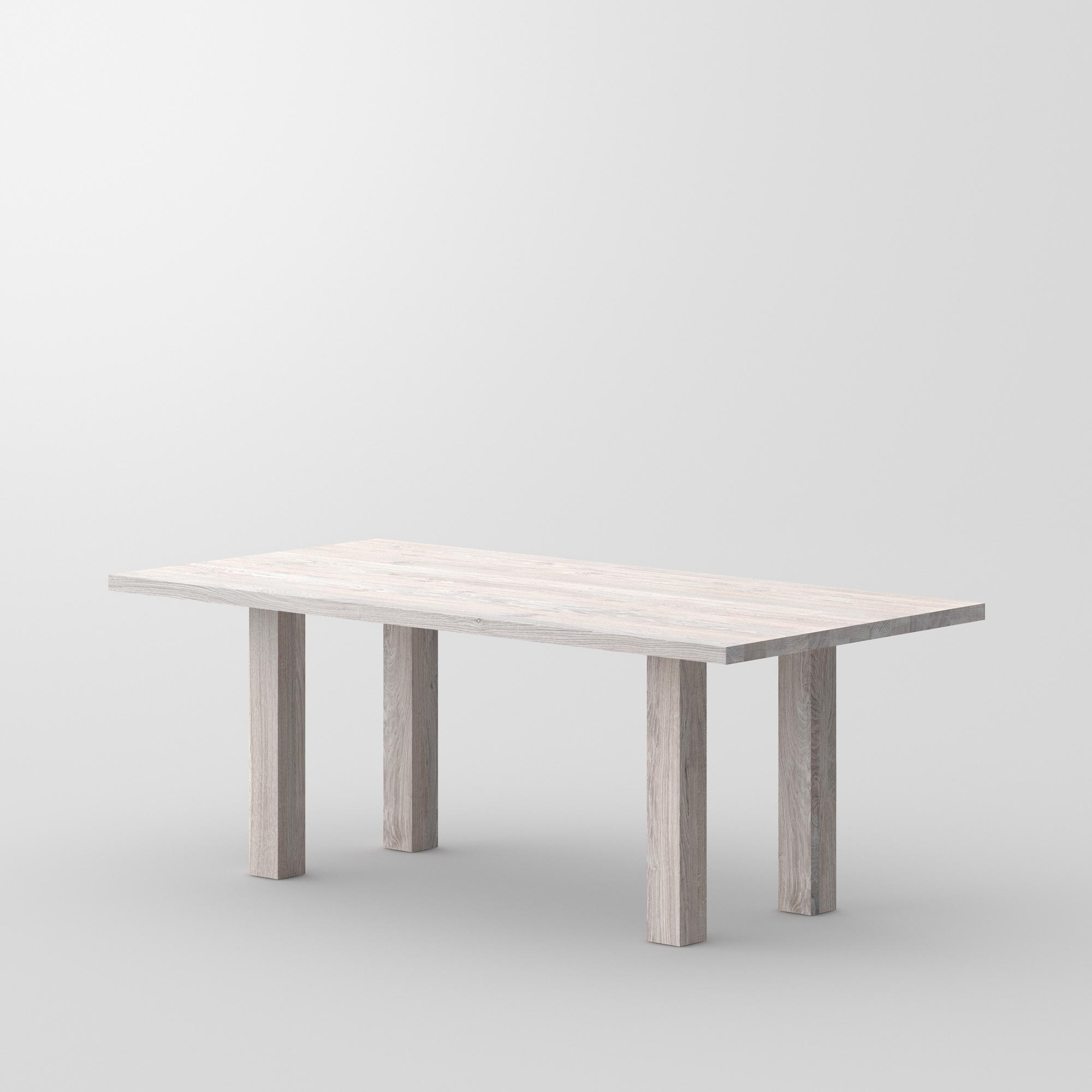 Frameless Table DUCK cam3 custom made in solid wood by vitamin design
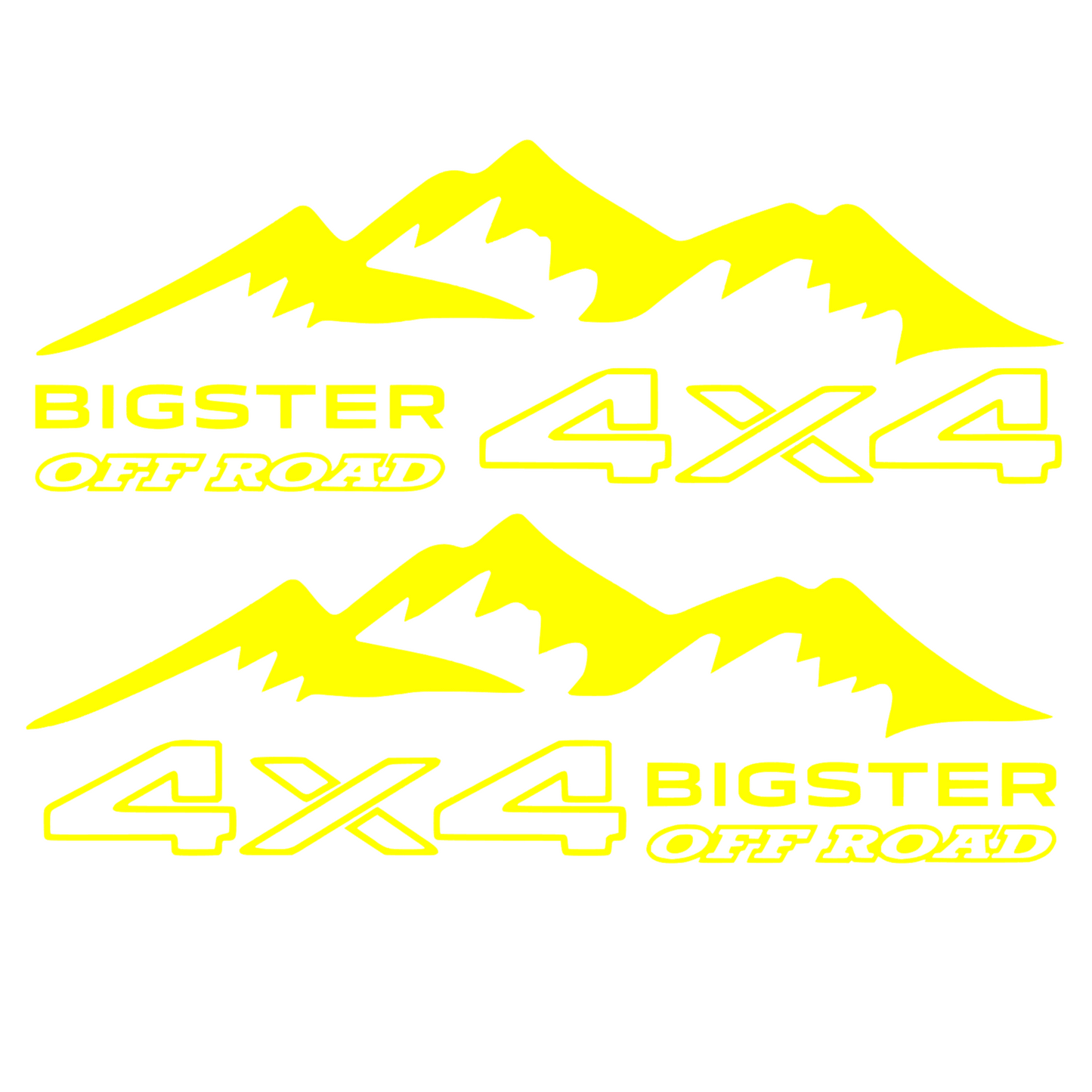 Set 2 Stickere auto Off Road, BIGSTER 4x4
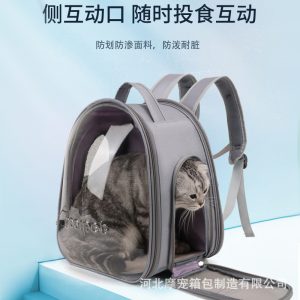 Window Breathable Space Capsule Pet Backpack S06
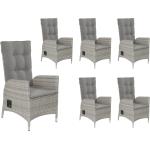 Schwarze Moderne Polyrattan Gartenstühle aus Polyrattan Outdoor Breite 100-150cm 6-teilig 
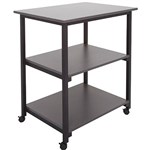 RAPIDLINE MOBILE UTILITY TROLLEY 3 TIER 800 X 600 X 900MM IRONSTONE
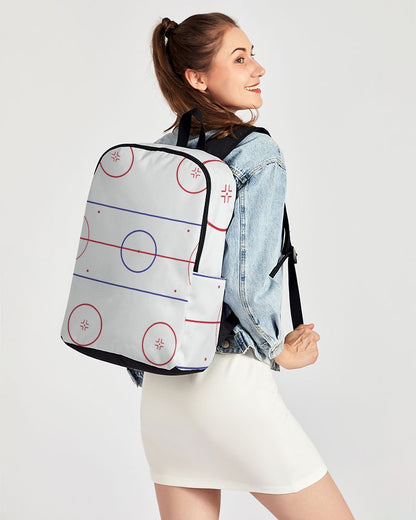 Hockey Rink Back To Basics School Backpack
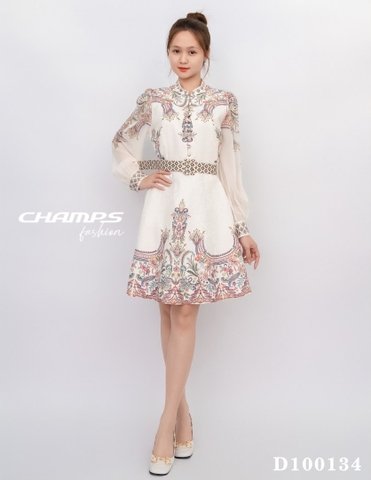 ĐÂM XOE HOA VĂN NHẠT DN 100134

+++

= WHAT YOU HAVE TO DO =
When a picture appears among the entries, skip it; transcribe everything else exactly.

= TASK SOLUTION =
 Frameless Table DUCK cam3 custom made in solid wood by vitamin design
 Set 2 Stickere auto Off Road, BIGSTER 4x4
 Window Breathable Space Capsule Pet Backpack S06
 Schwarze Moderne Polyrattan Gartenstühle aus Polyrattan Outdoor Breite 100-150cm 6-teilig 
 RAPIDLINE MOBILE UTILITY TROLLEY 3 TIER 800 X 600 X 900MM IRONSTONE
 Hockey Rink Back To Basics School Backpack
 ĐÂM XOE HOA VĂN NHẠT DN 100134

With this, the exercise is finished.